ミラノ勅令が出されるまでの経過にふれておく。キリスト教徒への迫害はネロ以後、繰り返し行われたが、終始続行された訳ではない。軍人皇帝末期には事実上行われず、この間キリスト教の発展は著しいものがあった。しかし、急激な発展は一方において教会内の論争の激化や司教の腐敗も目立つようになり、キリスト教徒の兵士がローマの軍律を乱すといった批判も生じた。
ディオクレティアヌス帝が専制君主体制を確立して、ローマの再興を目指したとき、その宗教政策も当然のことながらローマの神々への信仰に傾くのは必然であった。当時は、依然としてキリスト教への誤解も多かったから、日増しに増大するキリスト教勢力への風当たりも強かった。ディオクレティアヌス帝の大迫害として知られる最後の迫害は303年に始まる。彼の統治が285年に始まっているから約20年間はキリスト教徒を寛容し、キリスト教徒も帝に協調していた。キリスト教徒の勢力が帝国内の帝国を形成している実情を知りつつ帝が迫害に踏みきった理由を挙げることは難しい。副帝ガレリウスの抑圧策に動かされたのも大きいだろう。帝国の再統一を妨げるキリスト教勢力を一気に絶滅させようとした帝の決心は、アポロの神託によったといわれる。しかし帝国の西方、正帝マクシミアヌス・副帝コンスタンティウスの下では、実質的な迫害は実施されなかった。かくて、ディオクレティアヌスは引退し、ガレリウスも後に寛容令を出して迫害は一部を残して終結した。コンスタンティヌス大帝(副帝コンスタンティウスの子)はミラノ勅令ですでに公認し、最後の迫害者マクシミヌス=ダイアの政治生命を止めた。
ネロ帝以降も迫害はあったのですね。
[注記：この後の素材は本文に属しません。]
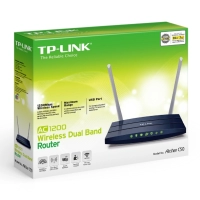 TP-Link AC1200 (Archer C50) - Wireless Dual Band AC - Router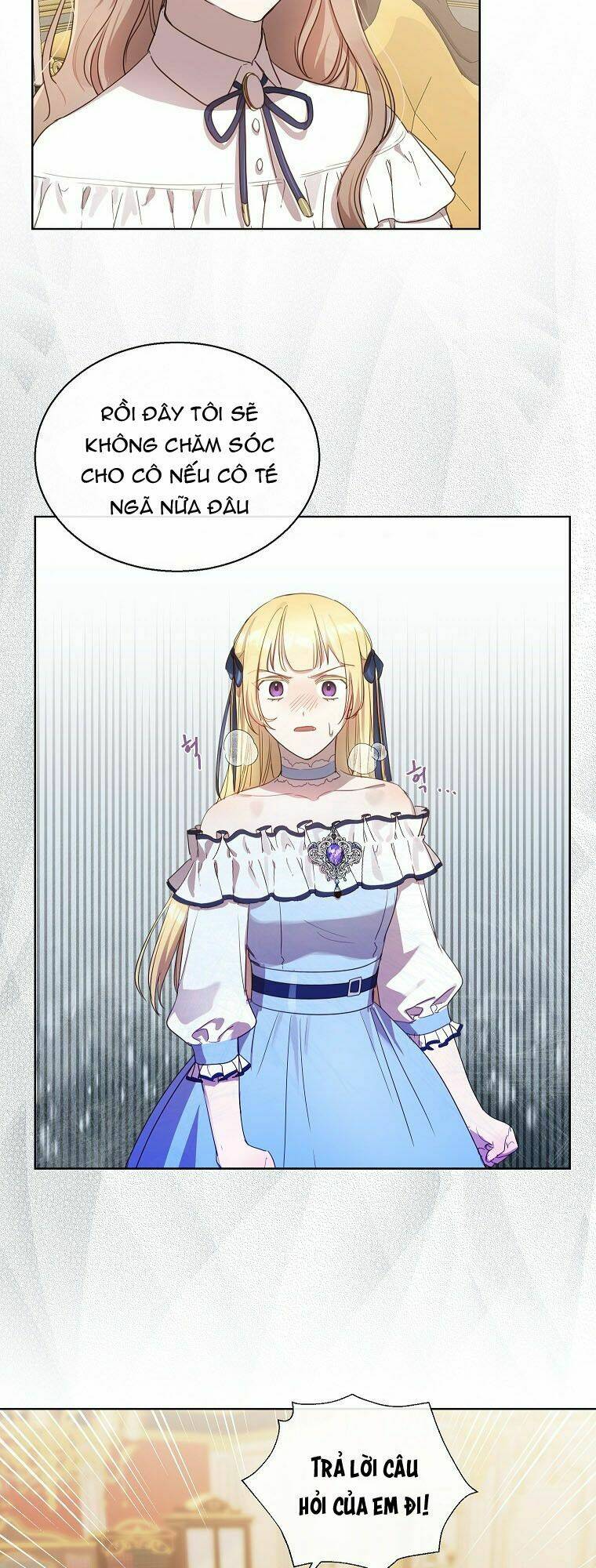 Mất Đi Một Người Chị Tốt: Chapter 9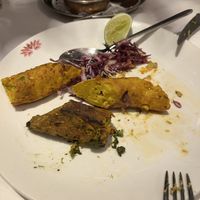   at My Govinda's Restaurant in Dubai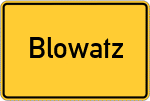 Blowatz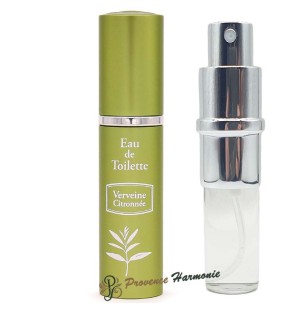 Eau de Toilette Verbena Limone Esprit Provence 10 ml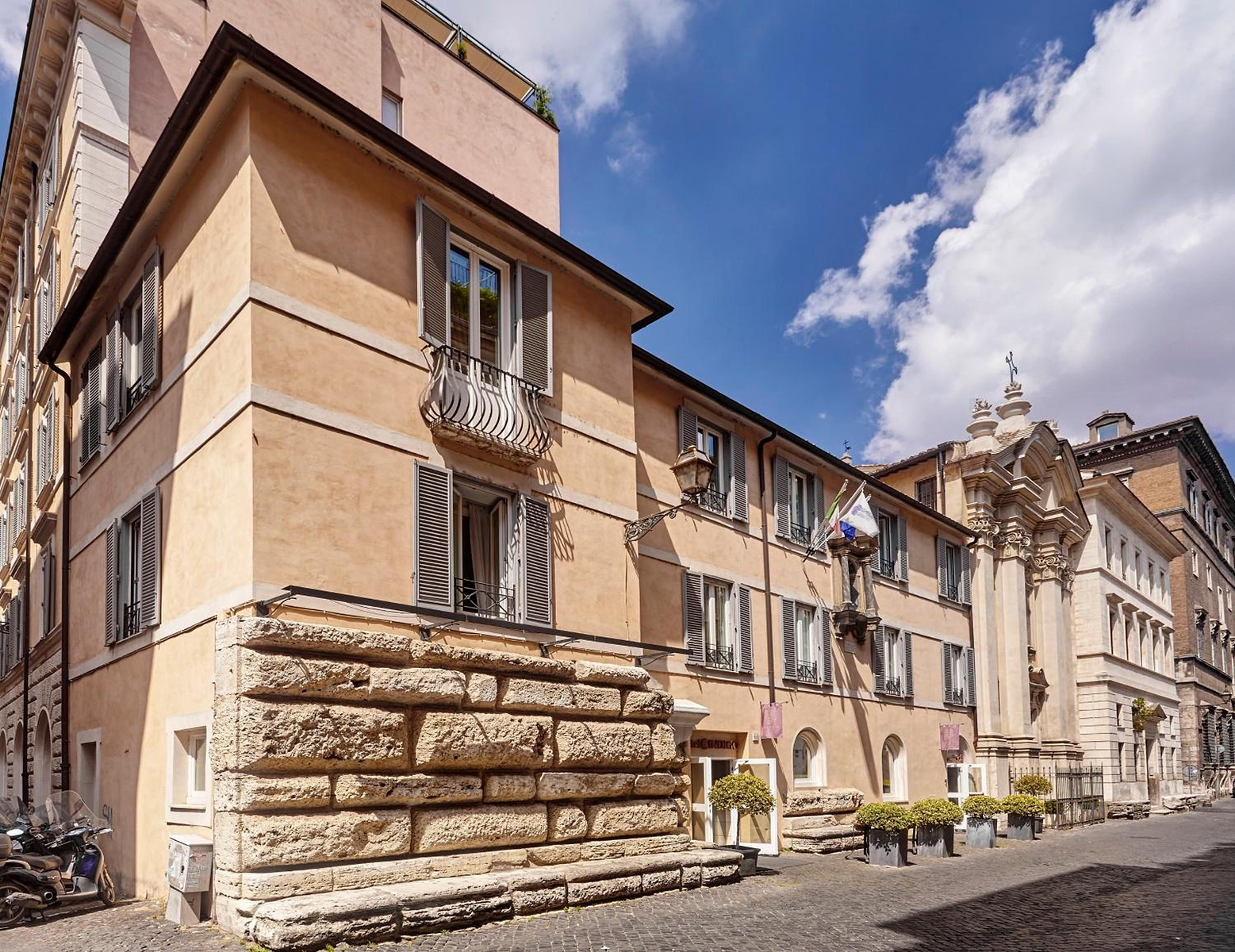 Hotel Indigo Rome - St. George by IHG photo 3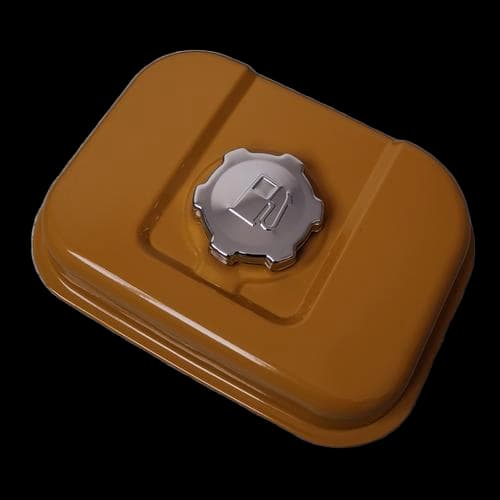 Deep Drawn Automotive Fuel Tank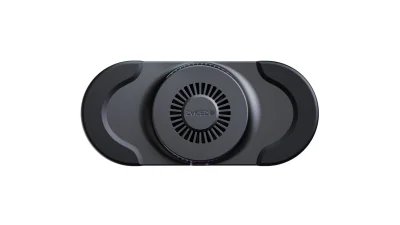 Dviced AERON Grip Qi2.2 charger and active cooler for gaming - Black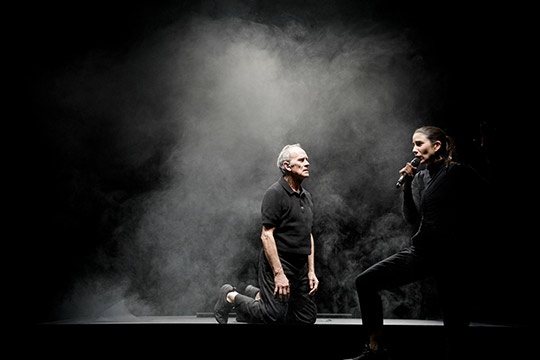 El Paranimf acoge el VI Maratón de Monólogos de la AVEET y el espectáculo Casting Lear de Andrea Jiménez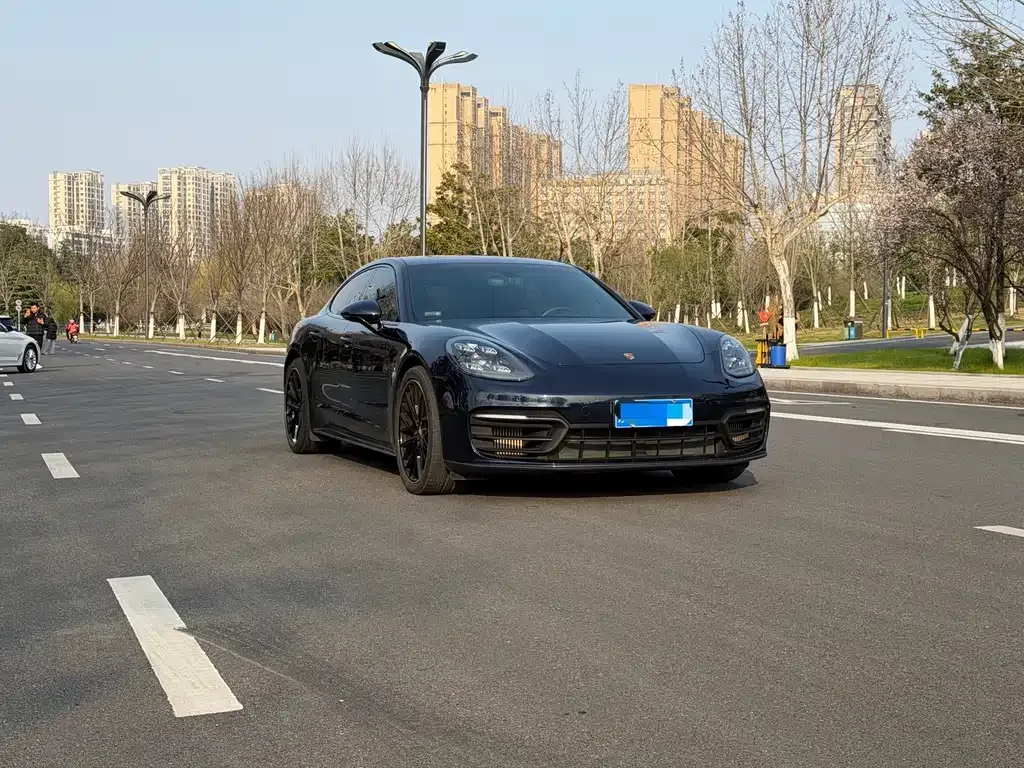 Porsche Panamera 2021 из CN, фото 9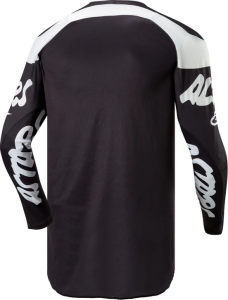 Tricou Alpinestars Racer Hana Black M, 3, nordicamoto.ro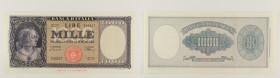 Repubblica Italiana - banconota 1000 Lire Italia (Medusa) 1947 - Gigante BI 54A

SPEDIZIONE SOLO IN ITALIA - SHIPPING ONLY IN ITALY

SUP-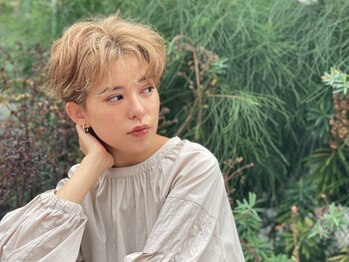 Training Salon Lycka たまプラーザ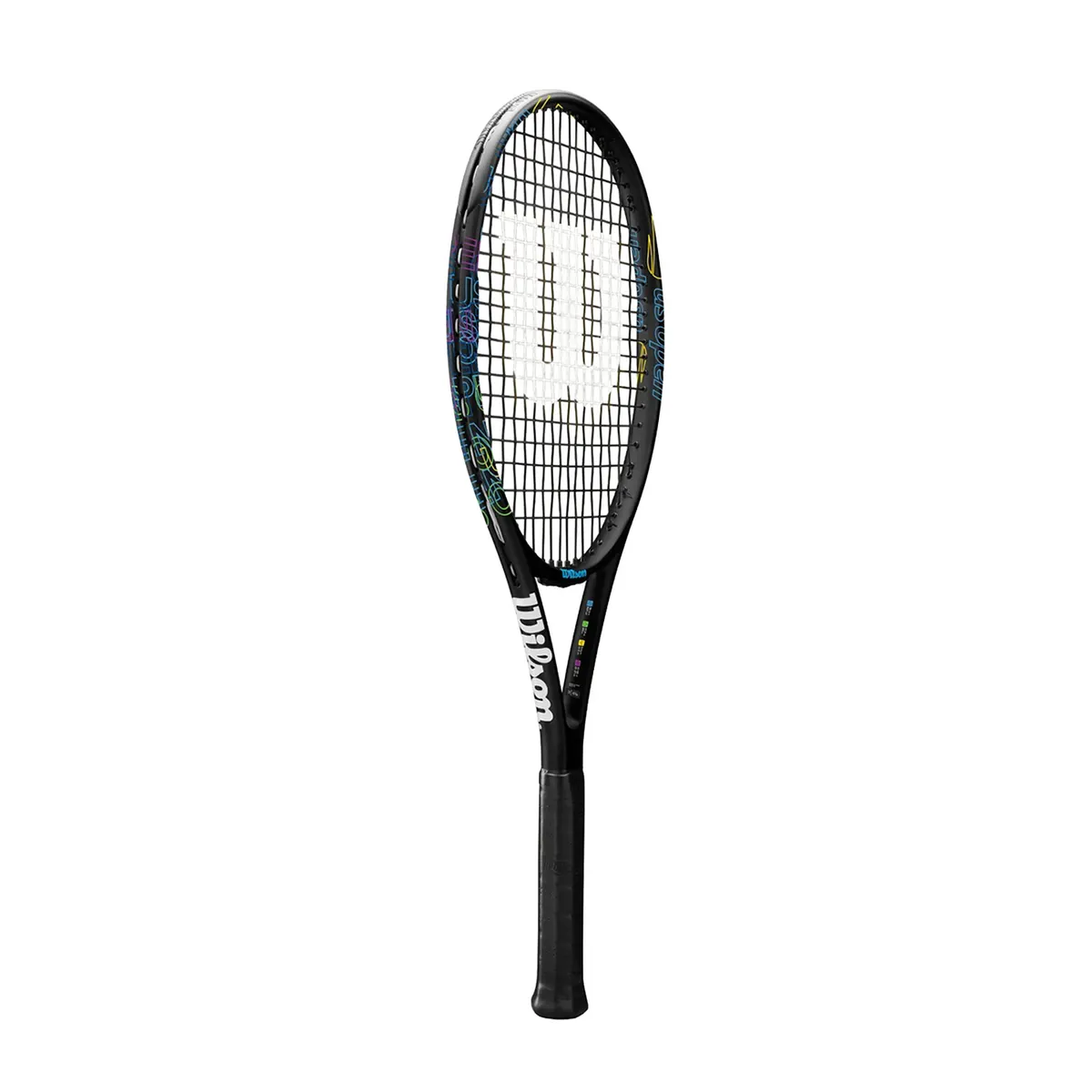 Wilson US Open BLX 100 Tennis Racquet Black FS (268g)
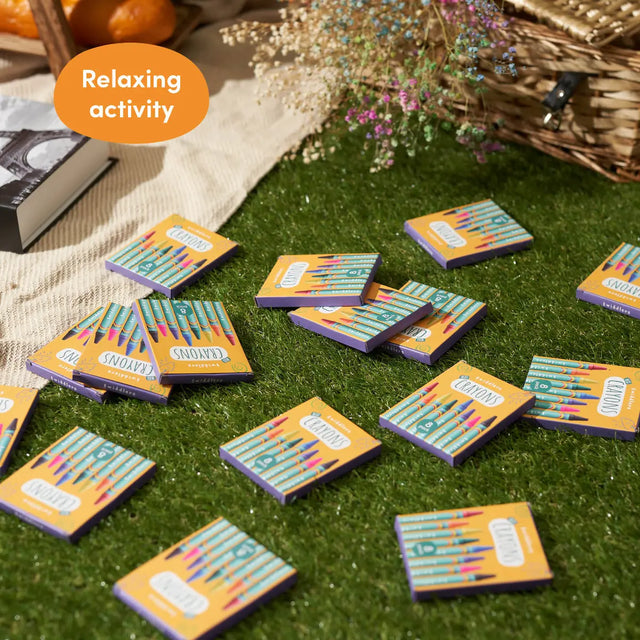 Buntstifte 8er-Set 50 Packungen von Twiddlers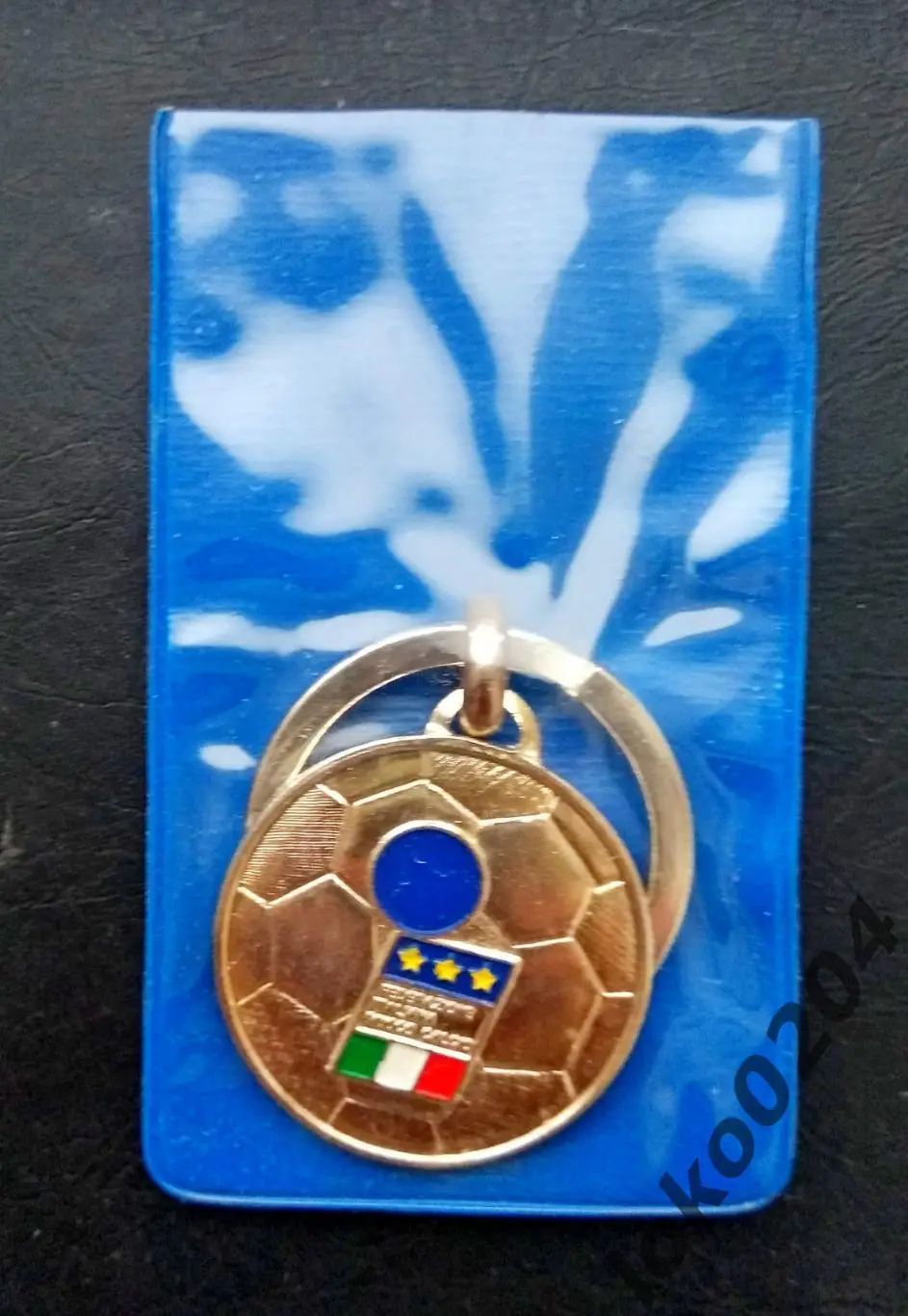 ИТАЛИЯ , Федерация Футбола.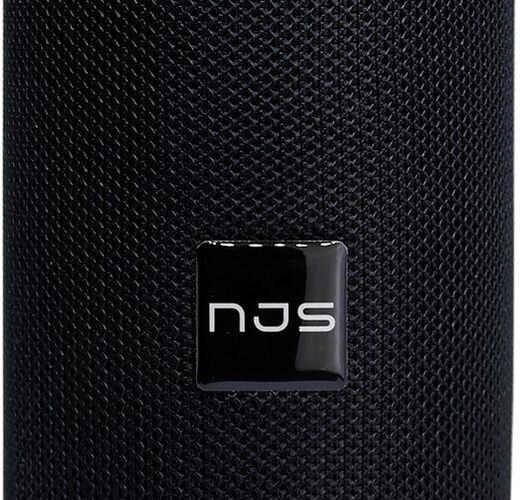 NJS 013 - Bluetooth speaker - Muziek box - 10 watt - Zwart - Nanders Webwinkel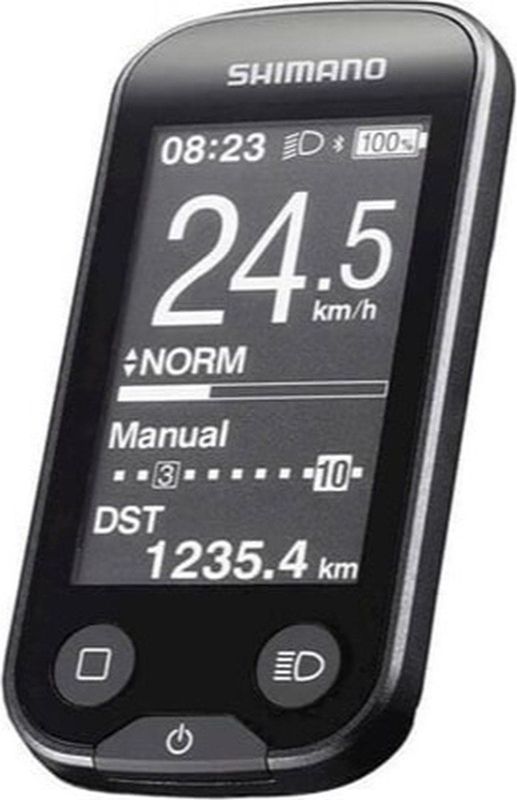 Steps Elektrische Fiets Display Sc-e6010 E-tube System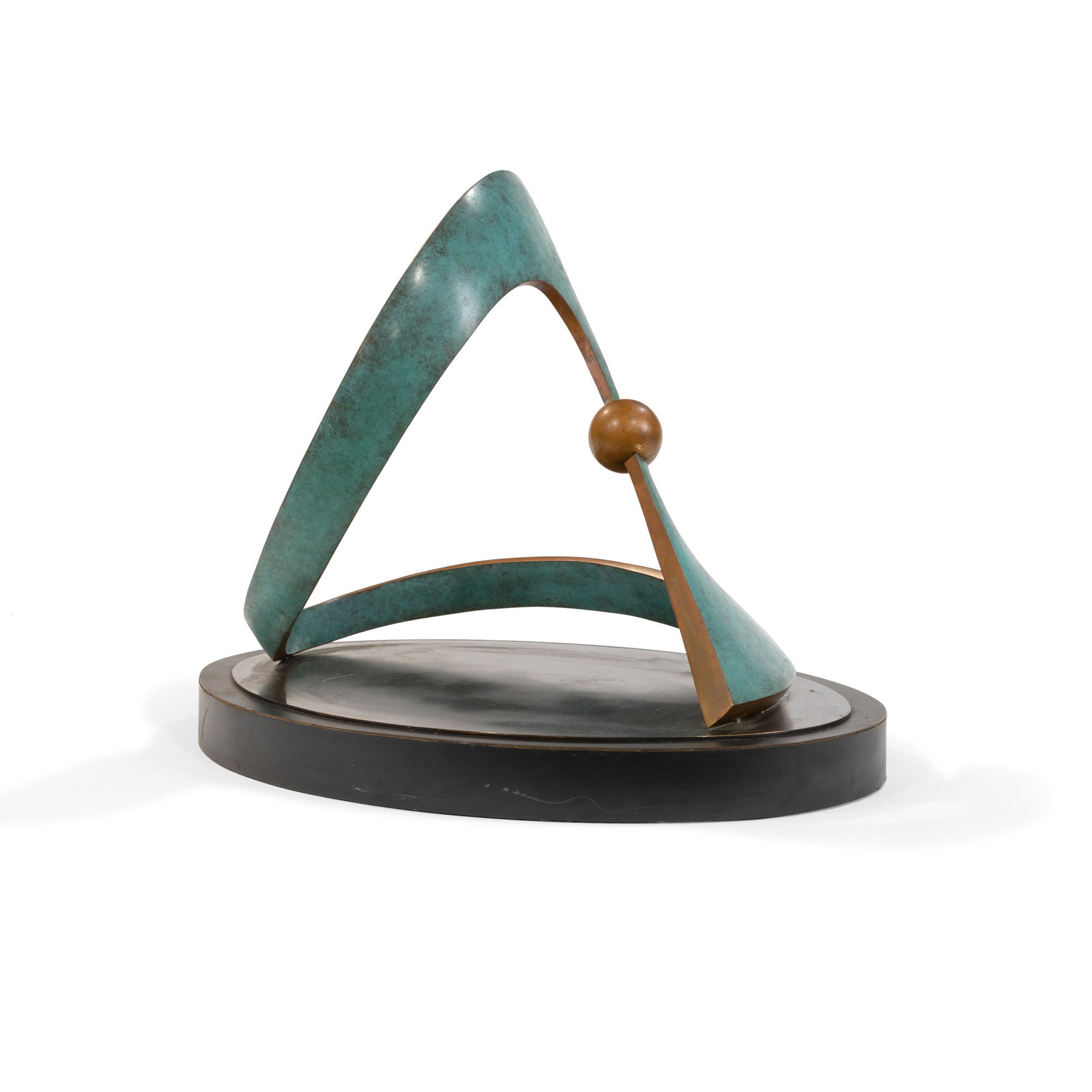 Michi Raphael - Bronze Sculpture (1 of 8)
キリスト教公認のミラノ勅令以後、異端の問題とか背教者ユリアヌスとか宗教哲学の話とか色々資料があるのですが、私にはどれが重要な資料なのかわかりません。もしかしたら駆け足でいこうと思います。
追記:「背教者ユリアヌス」という面白そうな小説の存在を知りました。電子書籍で購入しました。